I’m not often at rest. That is to say, I’m not often simply relaxing without doing something else—or thinking about getting up to do something else—in the next 3 minutes. I’m often concerned with having relatively high-quality input and will actually consider which pieces of mailed propaganda to take with me on a drive or a walk, if indeed any of it has any redeeming qualities. I think about whether the piece will have anything to think about, anything I might need X (the number I expect to have) minutes to take in or to understand. I think about the value and my state of mind and whether in a five-minute walk to “town” on this or that day I might be able to be thoughtful, or merely of a business mindset.
I kept a couple of library books around the house for more than a year because I believed they were of sufficient quality to warrant revisiting/completing. My reading material is almost all nonfiction and ranges from biblical hermeneutics and church history/issues, to a neurologistic look at the effects of the internet, to exhortations from well-known conductors and other musicians.
In sum: it’s important to me to have good input for my head and heart.
Leaving alone the question of input quality (assessment: am I really feeding myself well, or fooling myself?), the output of late has been less than usual. Part of the reason for that was the different, lesser opportunities I had in the summer. But one element of output—prayer—had been more lacking than usual, and more difficult, at that.
I’ve been told before (being kicked when I was down, I felt at the time) that when I’m struggling spiritually, I need to spend more time in scripture. Earlier this fall, I was doing a fair amount of that. So far, though, this increase in spiritual input has not led to more, or better-quality, output in the form of prayer.
The word “balance” comes to mind.
I once replied on someone’s Facebook wall that I tend to prefer movies known as “chick flicks.” There are too many fights and sirens and gunshot wounds in “action” movies that males are supposed to like, and so much sci-fi is just stupid. Someone else responded to the effect that a good street fight or gunshot wound is normal.
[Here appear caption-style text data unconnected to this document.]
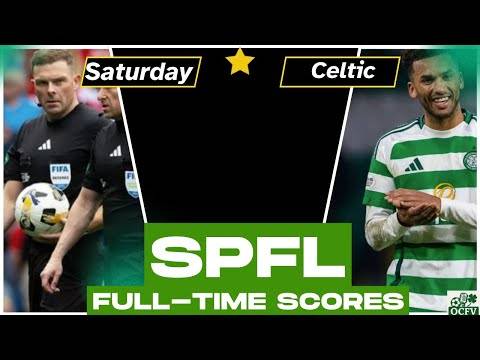 Celtic Saturday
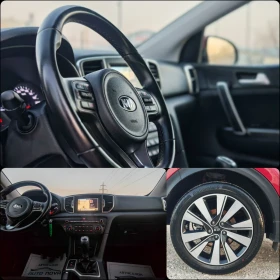 Kia Sportage 1.7 116 К.С. CRDI! , снимка 14
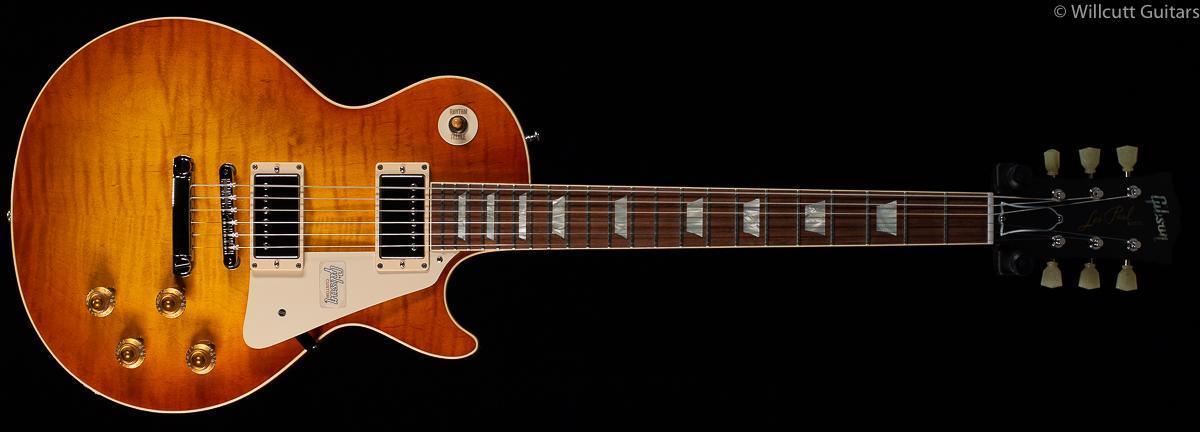 Gibson Custom Shop 1959 Les Paul Standard Reissue Gloss Sunrise Tea Burst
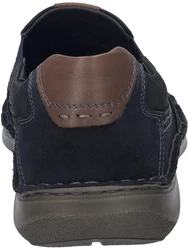 Josef Seibel Slipper Dunkelblau/Blau/Hellblau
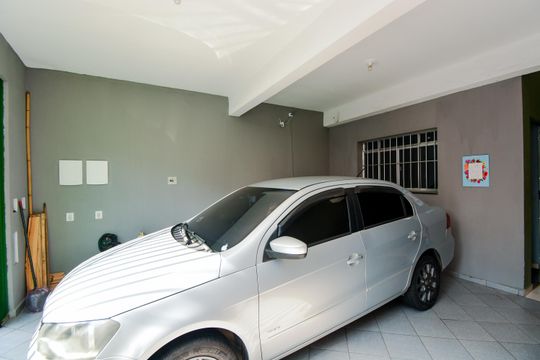 Garagem de casa para alugar com 1 quarto, 60m² em Parque Jurema, Guarulhos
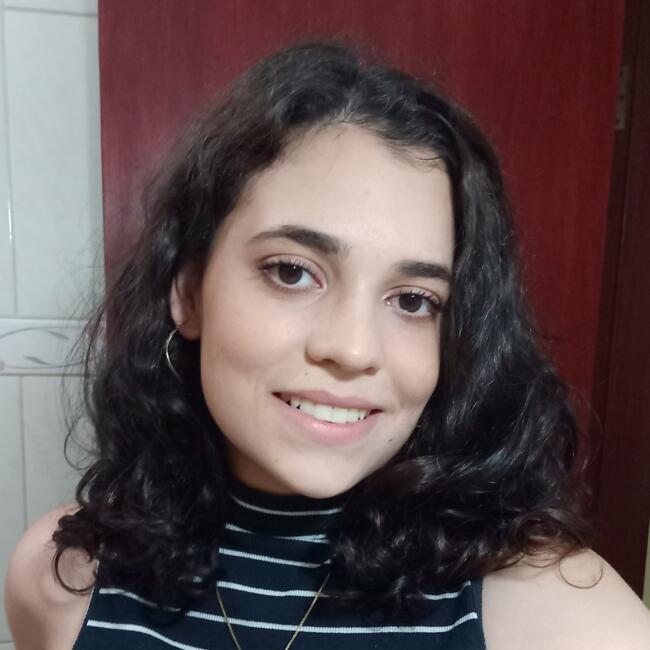 Babá em Limeira: Sara Lúcia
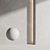 White Plaster Materials 3 Options 3D model small image 9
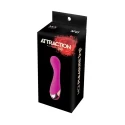 MAI No.61 RECHARGEABLE VIBRATOR PURPLE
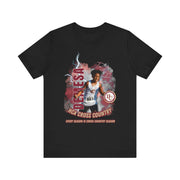HCA Cross Country Tee, Unisex Short Sleeve T-Shirt, Athletic Wear, Sports Tee, Gift for Runners, Team Apparel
Then someone else wrote something about balance, as if to say “one chick flick, then one shoot-em-up Bruce Willis movie is healthy.” The point here is not to comment on movies. (If either of these folks had seen parts of “The Untouchables” that I saw the day before I started writing this post, I don’t think they would have responded with any interest in shoot-‘em-up movies.)
On the other hand, I think the Monty Python In Search of the Holy Grail scene in which body parts are being slashed off of an armored knight is hilarious. The torso alone ends up on the ground, bobbing and hopping around, saying things like “it’s only a flesh wound” and “come back here … I’ll bite you, you pansy!” The over-the-top “violence” of this scene is more along the lines of televised pro wrestling, making it more fictional than truly violent. I definitely don’t mean to get all self-righteous here; my standards are doubtless impeachable, and the input I experience is anything but consistent.
The paradox is that even when I’m most engaged in tremendously filling, nutritious input (read: seriously involved in scripture), for some reason the output has not seemed to come in a balanced way. There are more ways and means of output than prayer, and for me, thinking and writing/blogging is one important type of output, and musical compositions and arrangements represent another.
Maybe I’m more balanced than I realize. Or, maybe not. (Is there an emoticon for feigned diabolical laughter?)
 Dealing entirely in nonfiction printed matter is one reason I fail to comprehend the proliferating desire for so-called “reality” TV shows. When I sit in front of the tube, I want fiction. This is not necessarily an admirable quality, and I have difficulty imagining Jesus needing fiction, but I want to be “taken away” from reality. Even baseball games, which I love on one level, are hard for me to sit in front of sometimes, because they don’t engage my mind enough that I’ll get a reprieve from pressing realities.